Sampling was carried out based on a list of administrative units obtained from Senegal’s National Agency for Statistics and Demography, ANSD, with villages defined as settlements containing between 40 and 150 households. We exclude all urban communes and communes in the Dakar region as well as some areas bordering Gambia, Mali, or Guinea for security reasons (specifically, the departments of Bignona, Bounkiling, Medina Yoro Foulah, Saraya, Bakel, Salemata, and the district of Fongolembi), with claims concerning representativeness conditional on these exclusions. In total, the sampling frame covers 3,082 out of 3,463 rural villages across all regions and 35 of 41 departments outside of Dakar.
Villages were randomly sampled within location-based strata}, namely within the district for focus departments and within the region for the national sample. We then randomly sample households within villages for in-depth surveys, including only those with at least one male member aged 18–40, which is the demographic group most likely to relocate for work from rural Senegal.

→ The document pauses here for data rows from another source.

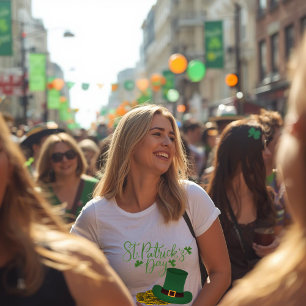 St. Patrick's Day Frauen Slim Fit T-Shirt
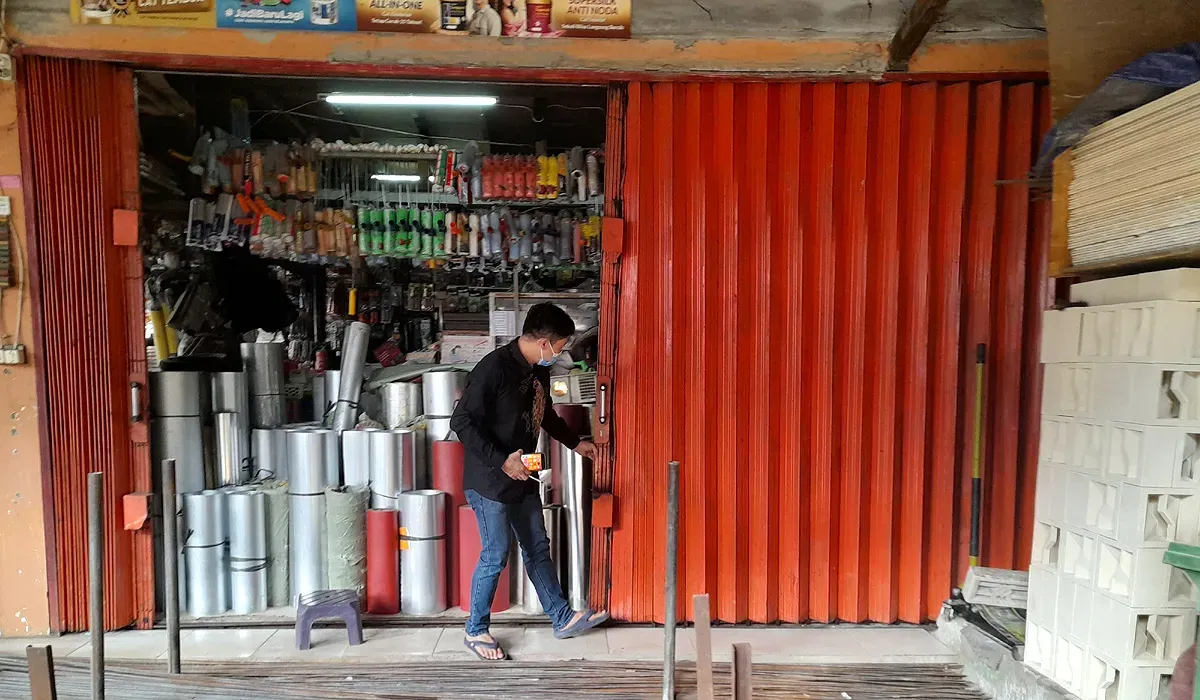 Kondisi toko bangunan Ceria di Jalan Raya Rawa Kalong, Desa Karang satria, Tambun Utara, Kabupaten Bekasi, yang dibobol maling dan rugi hingga Rp1,5 miliar. (Sumber: Istimewa)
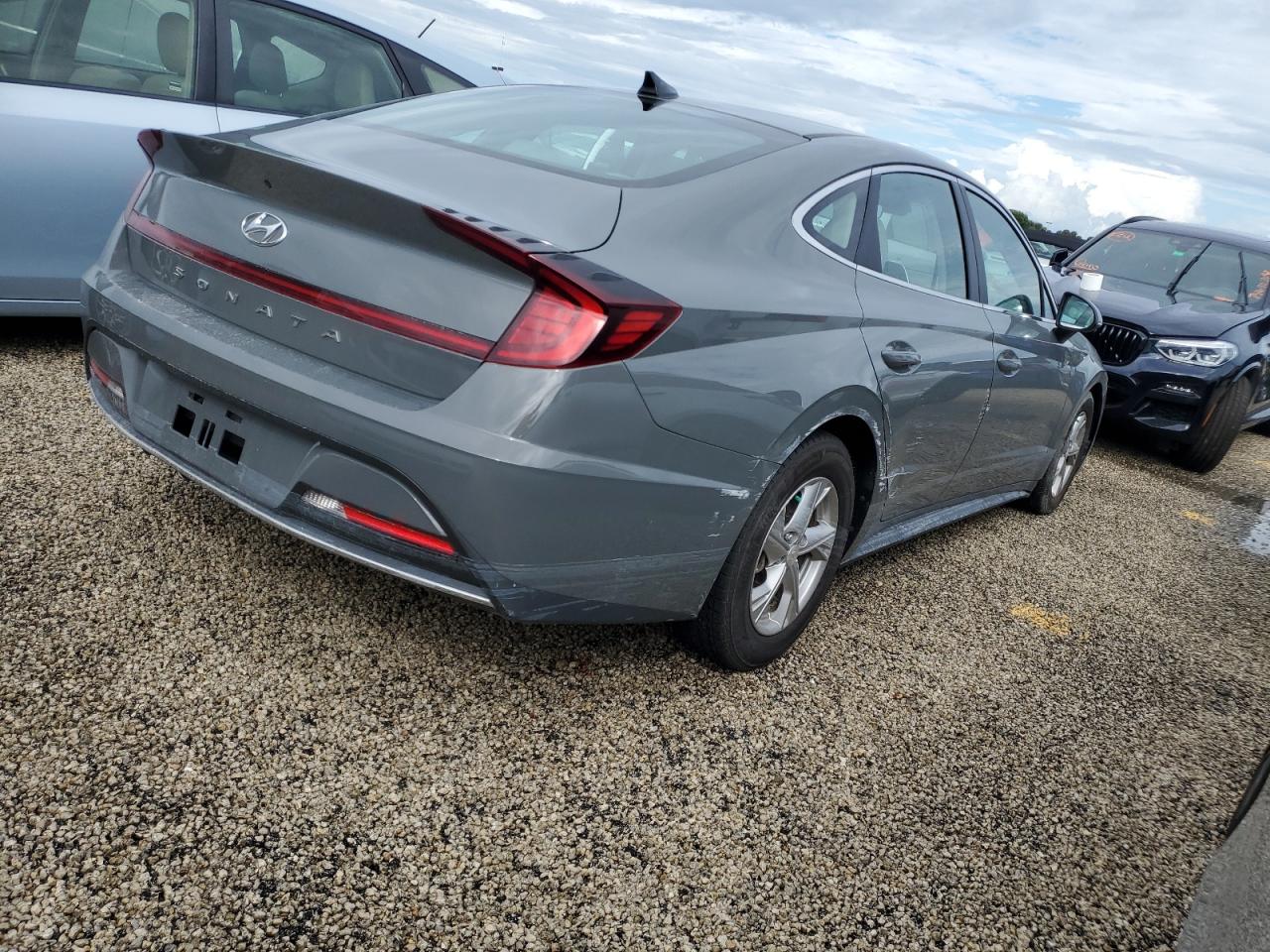 2020 Hyundai Sonata VIN 5NPEG4JA3LH035686 Copart auction photo, water/flood damage thumbnail 3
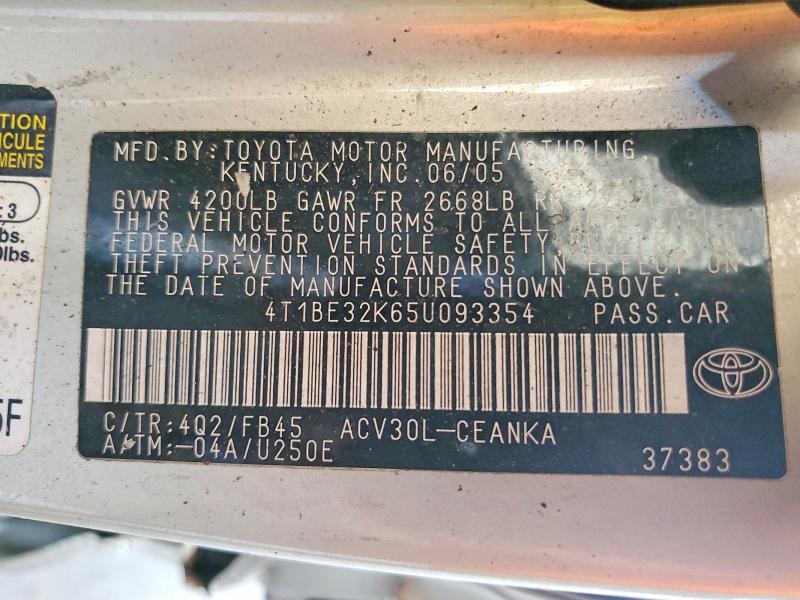 2005 Toyota Camry მანქანა იყიდება აუქციონზე, vin: 4T1BE32K65U093354, აუქციონის ნომერი: 55012396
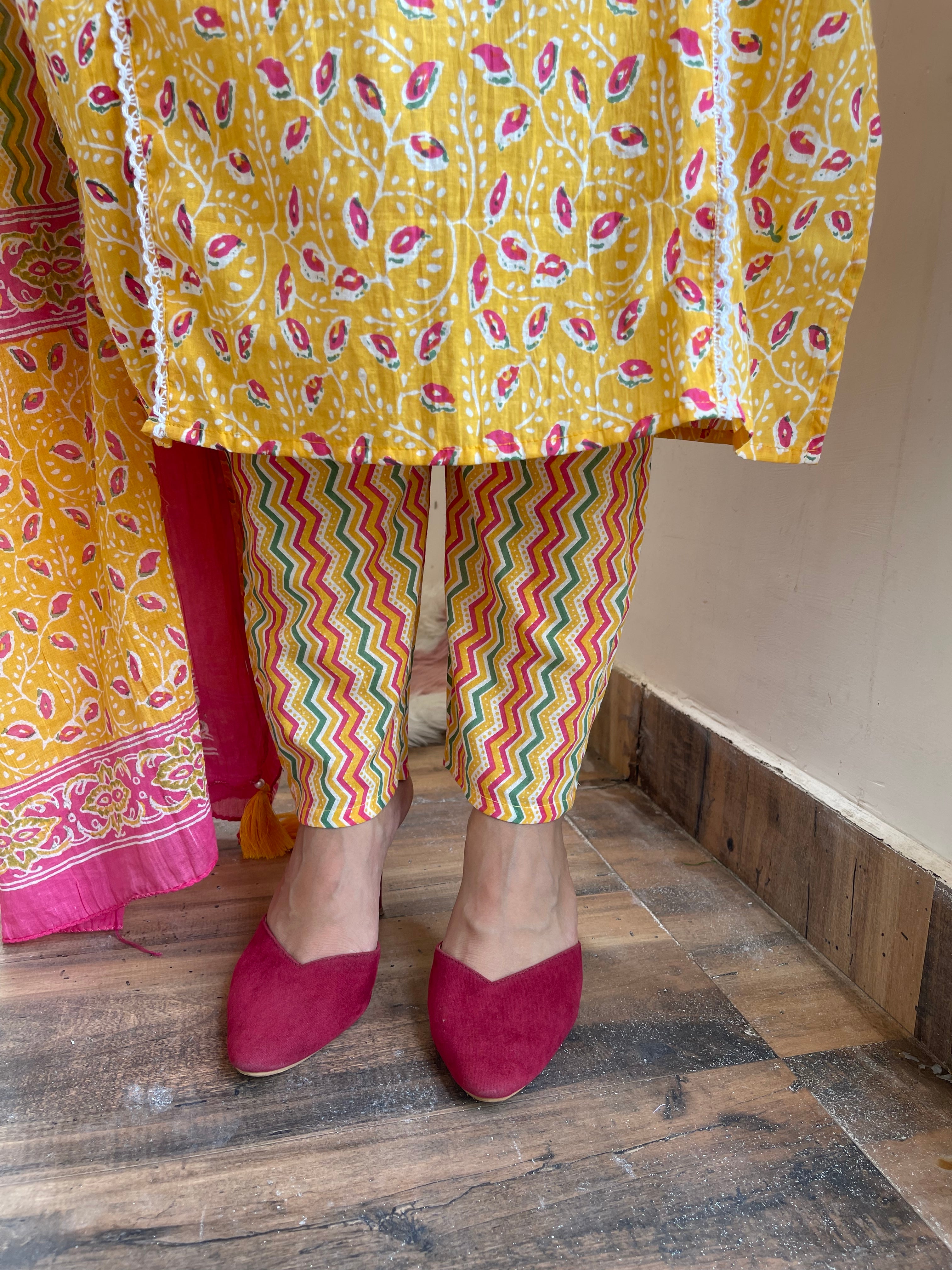Elegant Yellow Dupatta Suit Set with Floral Motifs - Perfect for Weddings, Festivals & Special Occasions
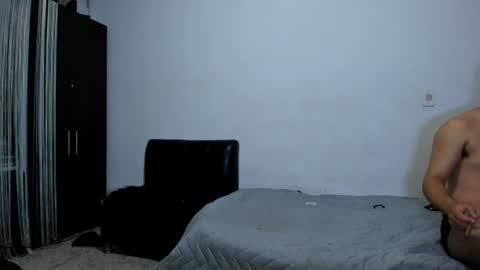 diiego_xxx online show from July 5, 4:19 am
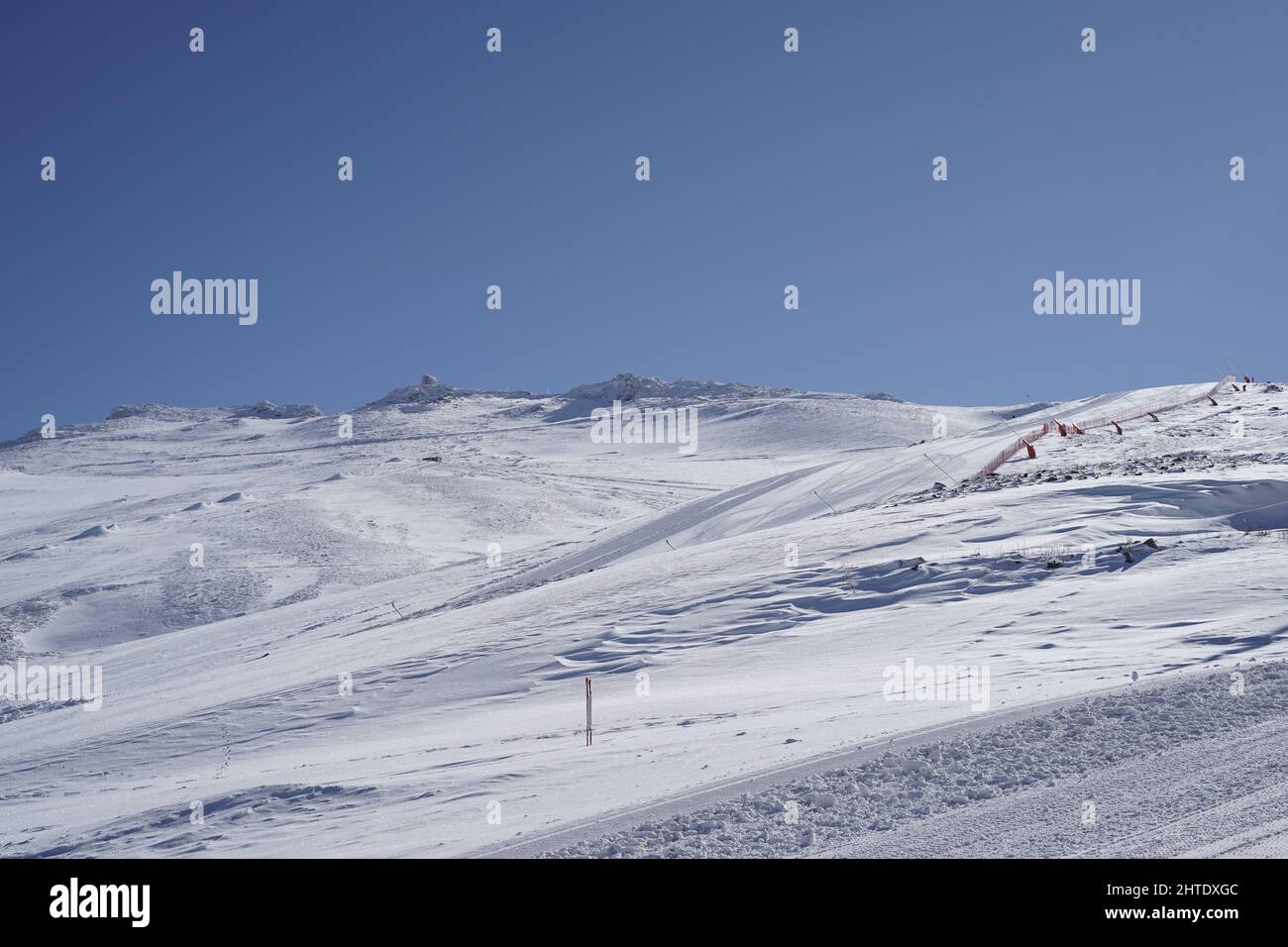 Piste de snowboard dans la montagne de neige Banque D'Images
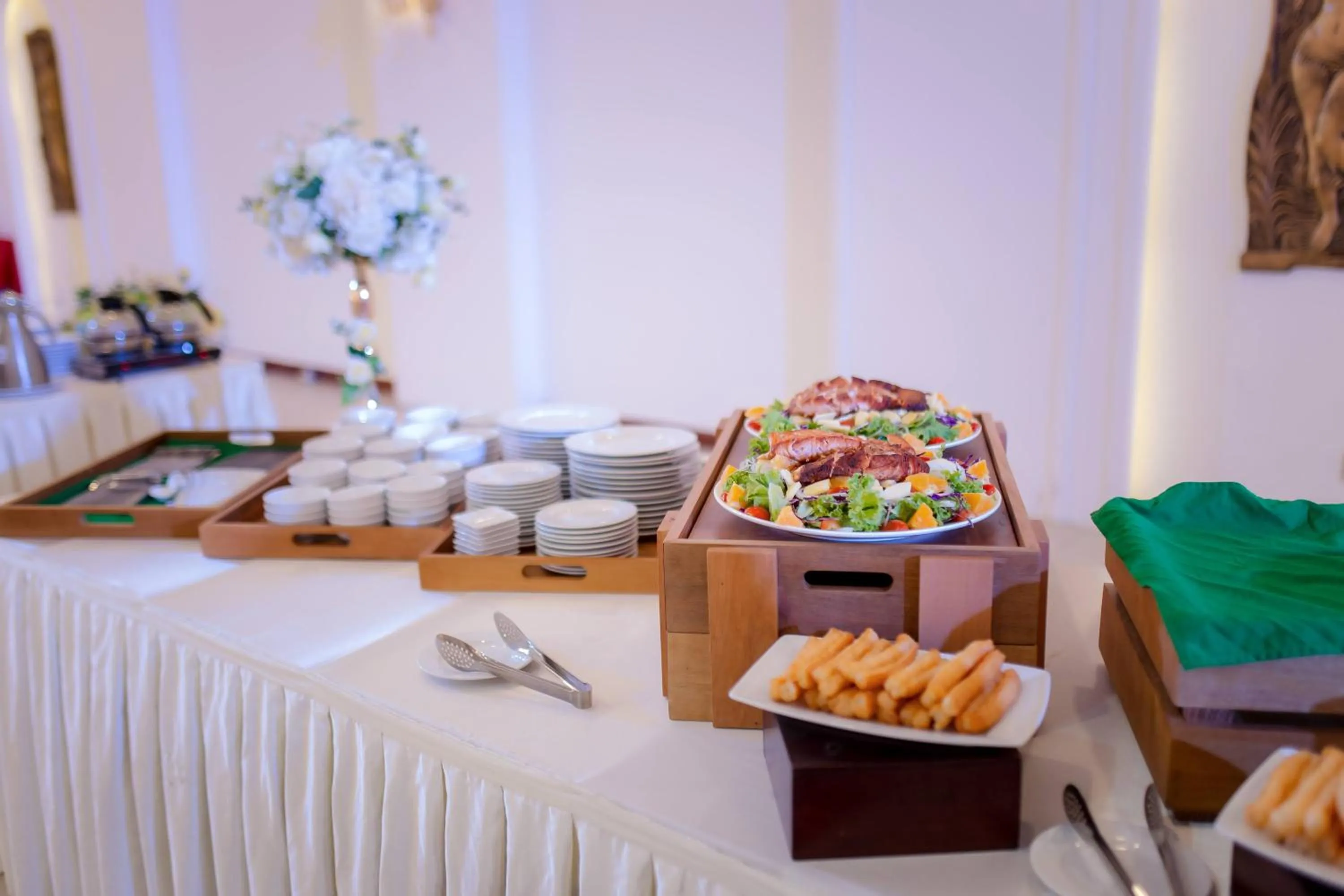 Food in Tre Xanh Hotel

Within-village household samples were drawn in proportion to village size, with target sample sizes constrained to range from 15 to 45 households per village. We stratify based on prior migration by target individuals, undersampling those that had migrated within the previous year. Within strata, household selection probabilities are proportional to the number of within-household target individuals. Finally, we randomly select a target individual within each sampled household.